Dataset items

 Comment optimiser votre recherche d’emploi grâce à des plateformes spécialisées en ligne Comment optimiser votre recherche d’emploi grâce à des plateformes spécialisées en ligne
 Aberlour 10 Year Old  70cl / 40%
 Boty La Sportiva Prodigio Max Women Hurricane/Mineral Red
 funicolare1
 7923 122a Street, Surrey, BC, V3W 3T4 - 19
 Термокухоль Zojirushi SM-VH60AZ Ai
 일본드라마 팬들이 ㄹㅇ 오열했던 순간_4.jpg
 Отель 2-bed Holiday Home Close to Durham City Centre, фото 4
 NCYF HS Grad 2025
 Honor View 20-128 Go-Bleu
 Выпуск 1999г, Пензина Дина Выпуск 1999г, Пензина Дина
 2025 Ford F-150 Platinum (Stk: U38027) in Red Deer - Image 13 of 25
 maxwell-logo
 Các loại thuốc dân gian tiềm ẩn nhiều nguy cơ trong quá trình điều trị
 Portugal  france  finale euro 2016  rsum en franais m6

To do:
Each record must appear again, word for word.

Your solution:
 Comment optimiser votre recherche d’emploi grâce à des plateformes spécialisées en ligne Comment optimiser votre recherche d’emploi grâce à des plateformes spécialisées en ligne
 Aberlour 10 Year Old  70cl / 40%
 Boty La Sportiva Prodigio Max Women Hurricane/Mineral Red
 funicolare1
 7923 122a Street, Surrey, BC, V3W 3T4 - 19
 Термокухоль Zojirushi SM-VH60AZ Ai
 일본드라마 팬들이 ㄹㅇ 오열했던 순간_4.jpg
 Отель 2-bed Holiday Home Close to Durham City Centre, фото 4
 NCYF HS Grad 2025
 Honor View 20-128 Go-Bleu
 Выпуск 1999г, Пензина Дина Выпуск 1999г, Пензина Дина
 2025 Ford F-150 Platinum (Stk: U38027) in Red Deer - Image 13 of 25
 maxwell-logo
 Các loại thuốc dân gian tiềm ẩn nhiều nguy cơ trong quá trình điều trị
 Portugal  france  finale euro 2016  rsum en franais m6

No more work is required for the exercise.